A.I.G. sells insurance on subprime mortgages and derivatives it can't cover.  Goldman buys policies, knowing this.  Crisis happens, A.I.G. goes under.  Federal gov't, which is advised by several former Goldman bigwigs, props up A.I.G. so that Goldman can get the full value of its policies ($13B!).  This is messed up.

In Brazil (where I grew up) people expect this because the government is so corrupt.  But it should never happen in the USA.  Shame on Goldman - I want my taxpayer money back.

It would be great if Obama took real leadership on this issue, if only for symbolic purposes, but how can we expect that when one of his 3 top economic advisers worked at Goldman for 26 years?


I'm an undergrad, how do I land a research job?

A lot of undergrads ask me for advice on how to land a good lab job (in other words, doing independent research in a science/engineering professor's lab during summers or together with classes).  Here's some stuff to get started with:

...for universities, keep in mind that professors get to run their labs however they want, so you have to appeal to individual ones and hope they have room.  I'm in bioE so unfortunately I don't know specific labs in "your field", but I can suggest the following approach, it's how students get summer gigs at my lab at MIT.  If you want to get a MS or PhD some day, this the best way to start getting into research - getting A's shows you are smart and can ace tests but doesn't prove that you can be practical.

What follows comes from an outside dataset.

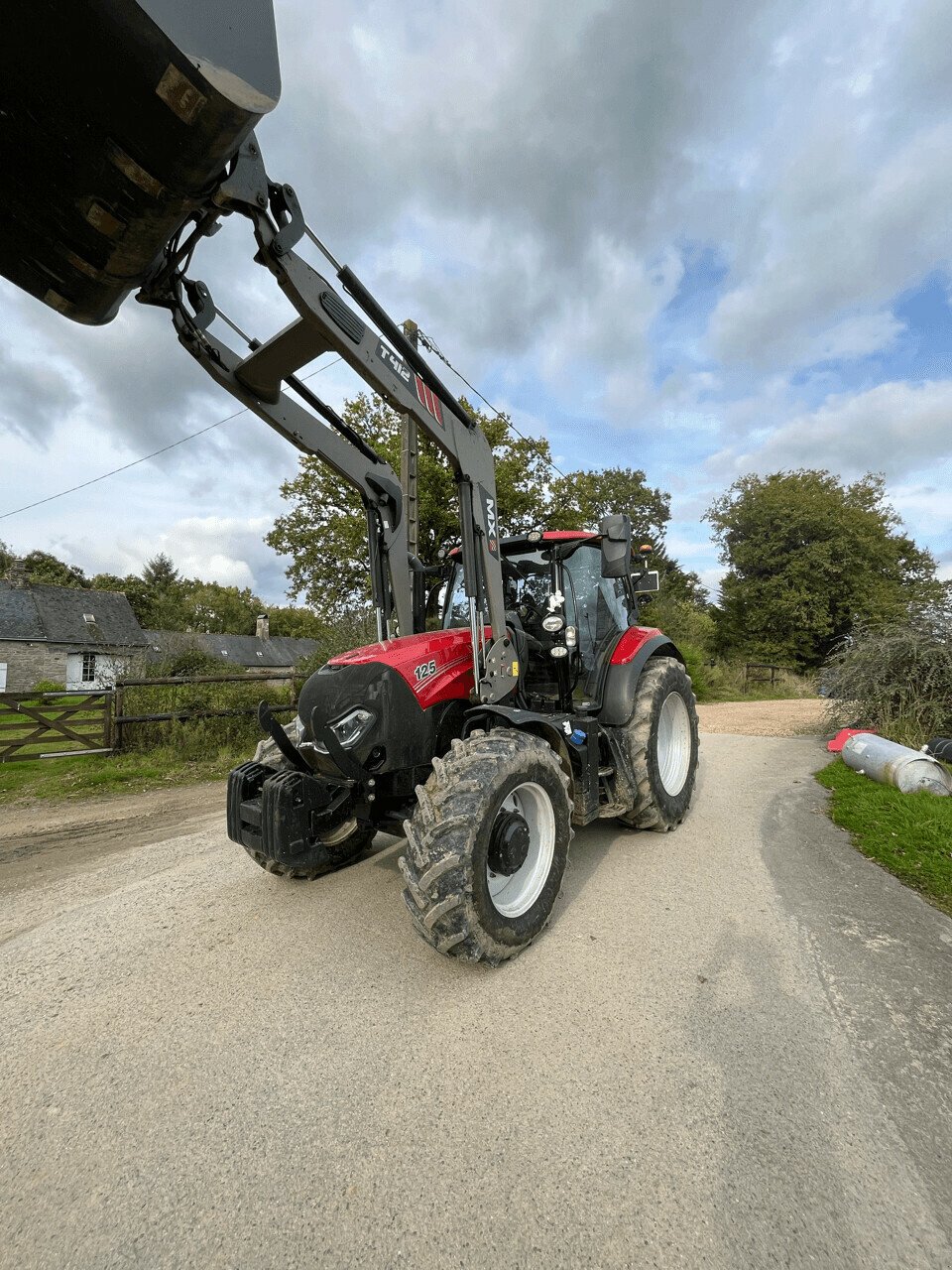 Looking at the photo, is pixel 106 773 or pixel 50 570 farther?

1. narrow your interests to 3-5 labs that are most exciting to you.  You can still have broad interests but you need to show you can focus on something if only temporarily so that you'll be useful to the lab.

2. spend some quality time (at least 5 hrs, prob more like 10-20) reading the lab websites and their recent (within 3 yrs) high-profile papers.  Chances are the lab will still be working on similar things.  Do your best to identify possible next steps or open questions raised by the research.  This is pretty hard since papers are very technical, but if you can do it well you're golden.  You can also come up with questions about parts of the research you don't understand.  Think of it this way, profs think their research is the most fascinating thing to think about in the world, and if you can show that you can grasp why that could be so you are squarely on their good side.

3. E-mail professors directly w/ your university e-mail stating your interest in a summer position, your previous research experience if any (and under which Prof you did it with) and your thoughts on the work they do.  Keep it as concise as possible, like < 6 sentences.  Profs are busy and don't have time to read a full page from someone they don't know.

4. At the same time, go through the grad students that TA'd you in classes you did well, send them e-mails asking them if they have friends who are grad students in the labs/programs/universities of interest to you.  You'd be surprised how small and connected top programs are.  If you have personal relationships with Profs, use them too.  Do the background research before you get in touch with anyone.  95% of people in your position send an e-mail like "hi, I'm a student, I guess this research thing could be cool, can I work in your lab?".  That sort of free labor actually costs the lab productivity because you'll be a drag on their time.  Send something thoughtful and you'll get a reply.